Pebblebrook is trading at roughly $11.75 per share against a stated NAV of $23.50. That's a 50% discount. Let's decompose that, because a gap this wide is either an opportunity or a confession.
The Q4 2025 numbers aren't terrible. Same-property EBITDA grew 3.9% to $64.6 million. Total RevPAR climbed 2.9%, with out-of-room revenue up 5.5% (that's the resort repositioning showing up in the actuals). Adjusted FFO per diluted share hit $0.27 for the quarter, a 35% jump year-over-year, though share buybacks did some of the lifting there. Full-year adjusted FFO was $1.58 per share. The 2026 guide puts that at $1.50 to $1.62, which is essentially flat. Net income guidance ranges from a $10.4 million loss to a $3.6 million gain. Not exactly a victory lap.
Here's where it gets interesting. Since October 2022, Pebblebrook has repurchased nearly 18.5 million shares (roughly 14% of outstanding) at an average of $13.37. They're buying back stock at what they believe is a 43% discount to intrinsic value. They sold two hotels in Q4 for $116.3 million and used $100 million to pay down debt. The new $450 million unsecured term loan pushes maturities to 2031, gets 89% of debt effectively fixed at 4.4%, and moves 98% to unsecured. Net debt to trailing EBITDA is 5.9x. That's not low... but it's manageable, and it's moving in the right direction. The portfolio shift tells the real story: resort assets now generate 48% of hotel EBITDA versus 17% in 2019. East Coast exposure went from 38% to 56%. They've been quietly rebuilding the portfolio while the stock price has done nothing.
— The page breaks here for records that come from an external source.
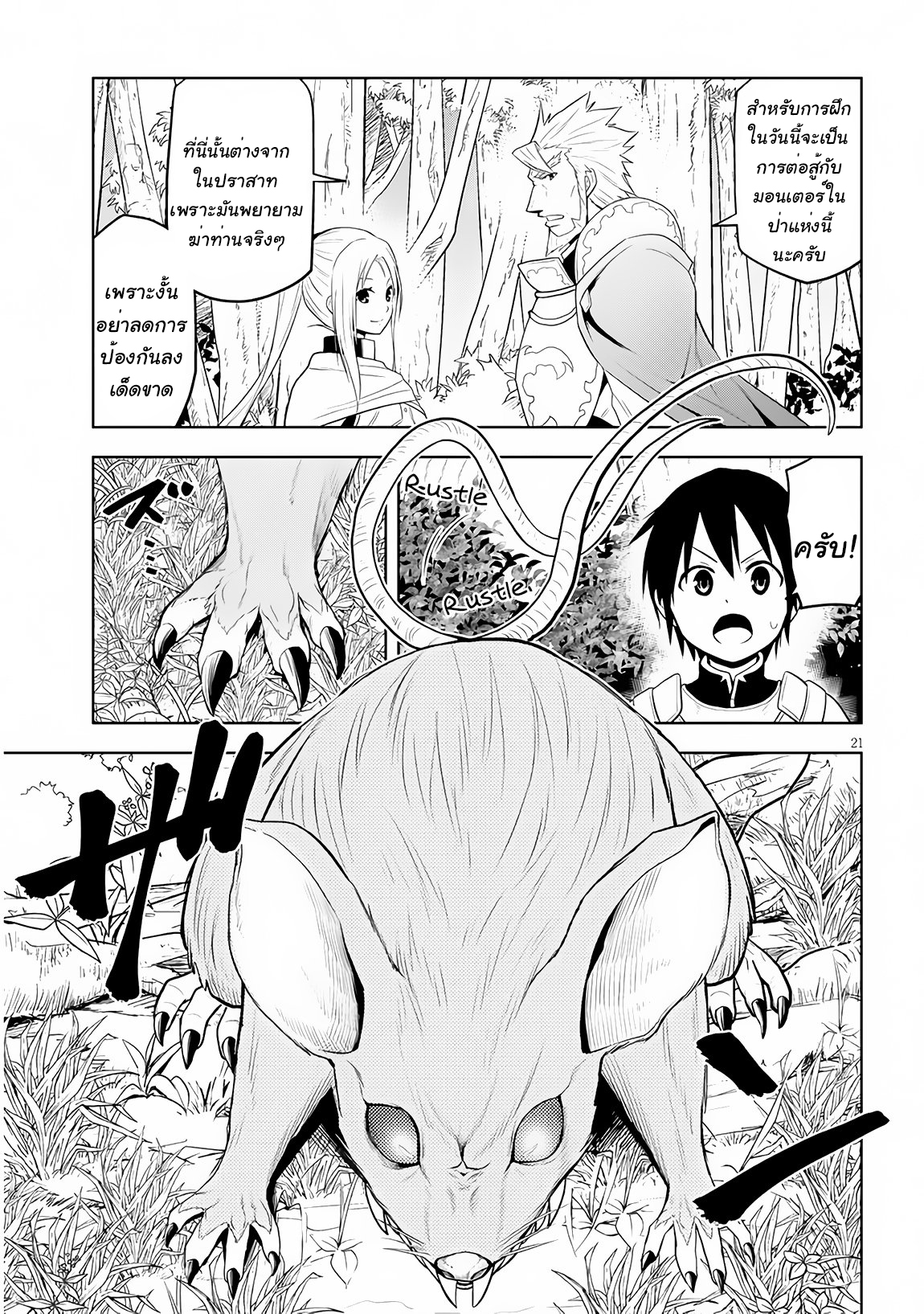 manga-sugoi.com
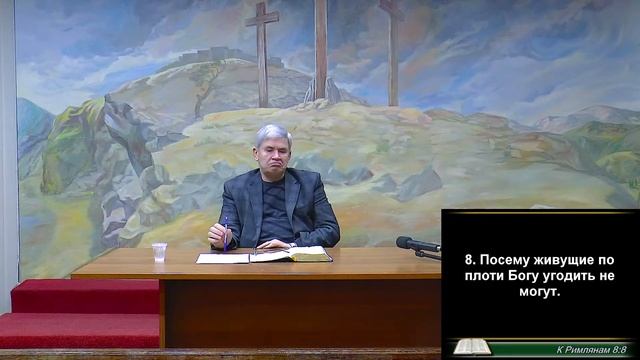 Изучение Библии церковь "СВЯТОЙ ТРОИЦЫ" г. Саранск 24 ноября 2021г. 18:00 смотреть онлайн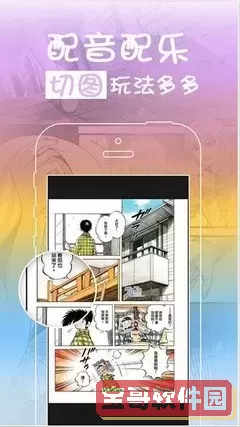 免费 看漫画软件最新版本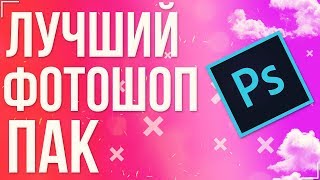 БОМБЕЗНЫЙ ПАК ДЛЯ PHOTOSHOP CS6! (CC, БЛИКИ, PNG КАРТИНКИ, ЭФФЕКТЫ И Т.Д.)
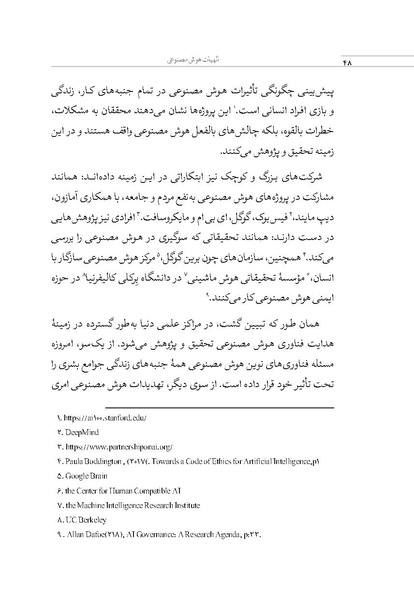 پرونده:الهیات هوش مصنوعی.pdf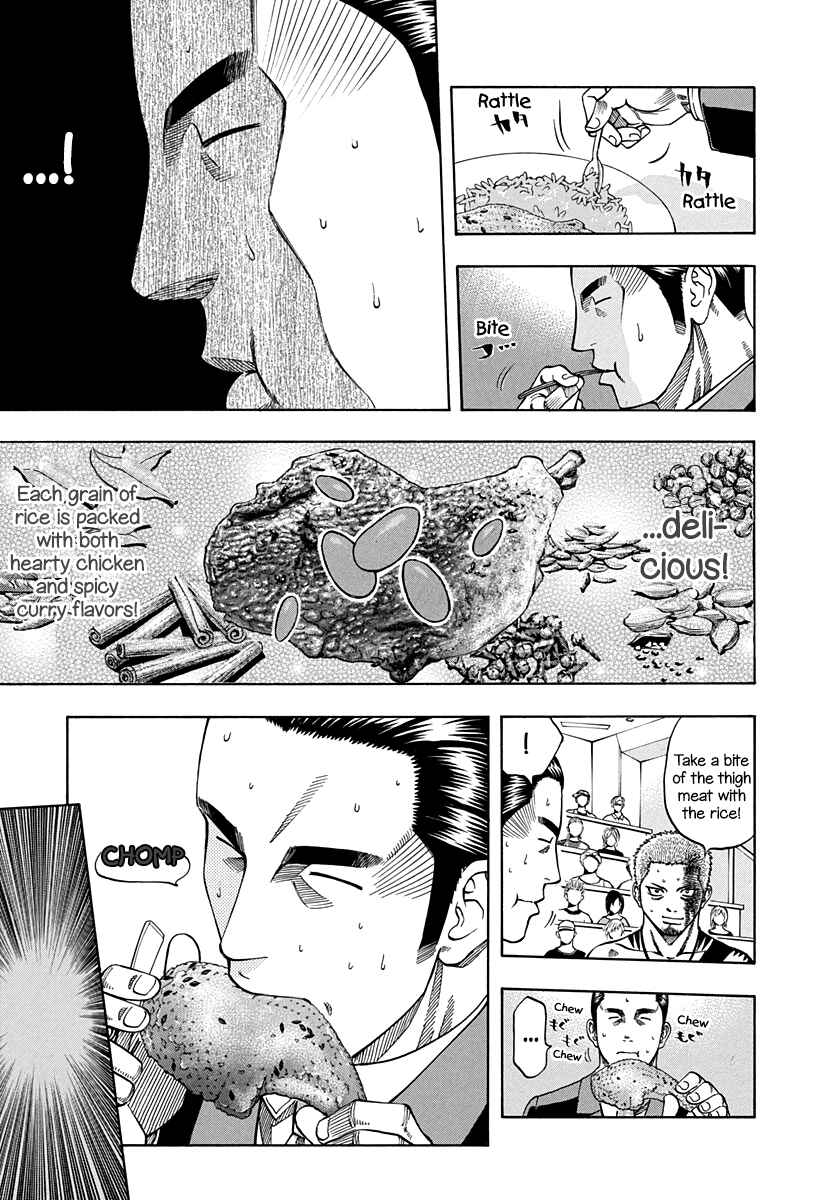 Page 15 Chapter 140 Curry naru Shokutaku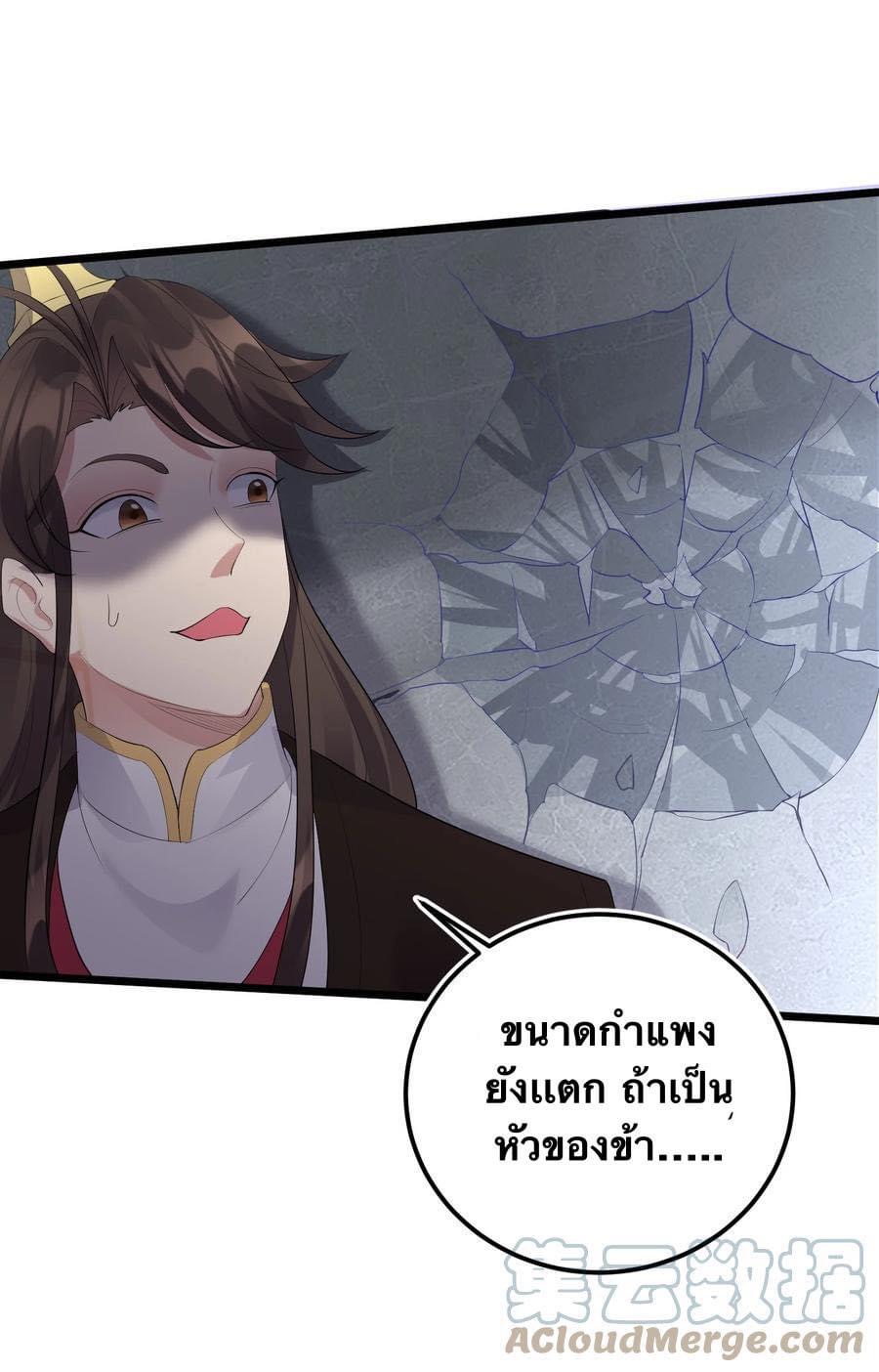 เทพวายร้ายกลับชาติมาเกิดใหม่ ตอนที่ 135 หน้า 25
So why the discount? The market sees 44 upper-upscale urban and resort hotels and prices in the risk that urban hasn't fully recovered (it hasn't), that the net loss persists (it might), and that 5.9x leverage leaves limited margin for error if RevPAR growth stalls. Analyst consensus is "hold" with a $12-ish price target. The Street is essentially saying: we believe you're worth about what you're trading at. Pebblebrook is saying: we're worth double. Somebody is very wrong. I've audited enough hotel REITs to know that NAV estimates are only as good as the cap rate assumptions underneath them. A 50-basis-point swing in your cap rate assumption can move NAV per share by $3-4. The company says $23.50. The market says $12. That's not a rounding error... that's a fundamental disagreement about what these assets are worth in a private transaction.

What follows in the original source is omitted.